Los trenes cuentan con capacidad para circular a una velocidad máxima de 200 kilómetros por hora y un "alto grado de confort', dado que, según detalló la operadora gala, cuentan con asientos ergonómicos, conexión 'wifi', espacio para bicicletas y restauración ambulante entre otras dotaciones.

Este contrato y los logrados en las últimas semanas se suman a la cartera de pedidos que la compañía contaba al cierre del pasado mes de junio, valorada en 8.535 millones de euros.

Cientos de trabajos en peligro

Mientras unos celebran la victoria, otros se lamen las heridas. Según recogen varios medios franceses, entre ellos 'Le Monde', la empresa francesa Alstom también estaba pujando por este trabajo; de hecho, la pérdida de este contrato podría suponer un duro golpe a su negocio. Los sindicatos de la compañía avisaron la semana pasada, a través de una carta enviada al medio especializado en transporte 'Mobilettre', de que peligraba el empleo de hasta 700 empleados.

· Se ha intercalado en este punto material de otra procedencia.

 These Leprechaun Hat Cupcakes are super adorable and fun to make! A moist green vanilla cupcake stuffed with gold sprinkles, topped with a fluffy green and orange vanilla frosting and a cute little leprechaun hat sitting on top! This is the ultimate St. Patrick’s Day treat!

"La adjudicación del contrato a nuestro competidor español podría llevar un golpe fatal para el futuro de los sitios debilitados de Reichshoffen y Belfort, así como para el sector ferroviario en Alsacia y Borgoña-Franco Condado", explicaban los sindicatos en la carta, que iba dirigida a la Ministra de Transición Ecológica y Solidaria, Elisabeth Borne.

"Si el Estado decidiera encargar trenes fabricados en España, sería su elección, pero enviaría un mensaje muy fuerte de desconfianza hacia el sector ferroviario francés

De hecho, ya en entrevista publicada por 'Le Tribune' la semana pasada, el consejero delegado Henry Poupart-Lagarge explicaba que "este pedido de tren de larga distancia representa, con las opciones, diez años de actividad para el sitio Reichshoffen y todos los sitios franceses que fabrican los componentes". "Sin este comando la carga del sitio se verí afectada permanentemente, con consecuencias en términos de empleo", matizó el directivo, añadiendo que entendía "las preocupaciones de los interlocutores sociales".

"Si el Estado decidiera encargar trenes fabricados en España, sería su elección, pero enviaría un mensaje muy fuerte de desconfianza hacia el sector ferroviario francés que se debilitaría de facto, con un impacto mecánico en el empleo en Francia", zanjó Poupart-Lagarge.